Last week, the state's Department of Elementary and Secondary Education mandated that transgender students be allowed to use bathrooms and play on the sports teams that coincide with their gender identification, reports The Boston Globe.
“These students, because of widespread misunderstanding and lack of knowledge about their lives, are at a higher risk for peer ostracism, victimization, and bullying," the new directives read, according to the Globe. "Some students may feel uncomfortable sharing those facilities, but this “discomfort is not a reason to deny access to the transgender student."

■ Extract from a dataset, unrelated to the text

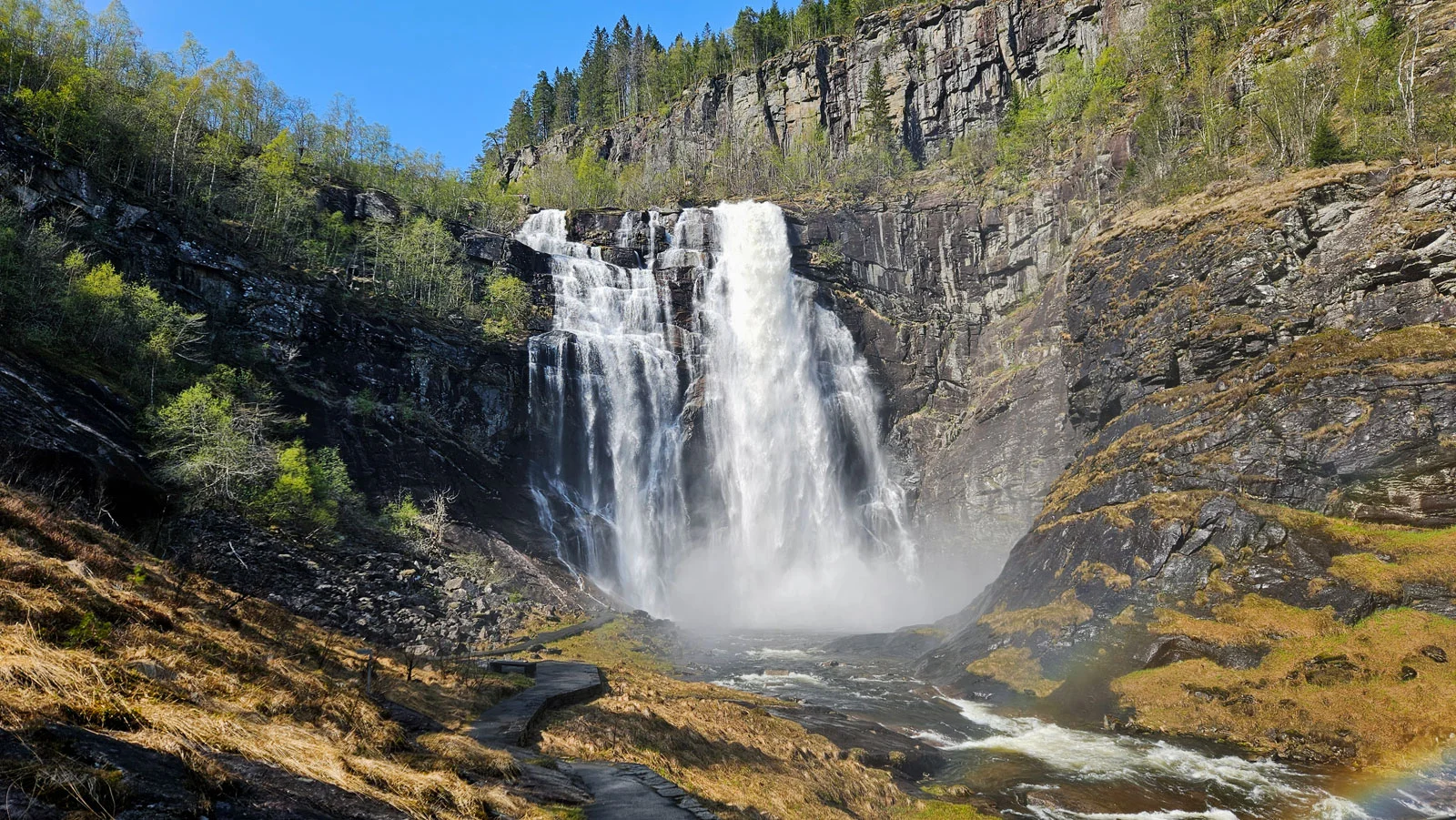 Opplev Skjervsfossen i Granvin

The decree was put in place to help schools follow the state’s 2011 equal opportunity law that protects transgender residents. Similar policies in various states, advocacy groups, parents and students were also consulted by the Education Department, reports GLAAD.
“Research shows that transgender and gender non-conforming students suffer higher rates of verbal harassment, physical harassment, and physical assault in school,” Gunner Scott of the Massachusetts Transgender Political Coalition said in a statement on his group's website, acknowledging that there "is a lot of misunderstanding about transgender students and that some schools may not have the internal expertise to address all issues of concern as they arise."
Scott salutes the effort, but acknowledges that there has been some opposition. The Massachusetts Family Institute has argued that the bathroom policy endangers other students and violates their privacy.
"Fundamentally, boys need to be use boys’ rooms and girls need to be using the girls’ rooms, and we base that on their anatomical sex, not some sort of internalized gender identity,” Andrew Beckwith, general counsel for the institute, is quoted by the Associated Press as saying.
On July 1, 2012 the Transgender Equal Rights Bill took effect, about seven months after Governor Deval Patrick signed it into law. The bill bans discrimination in employment, housing, education, and lending, while also enabling prosecutors to bring hate crime charges in attacks that target someone for being transgender.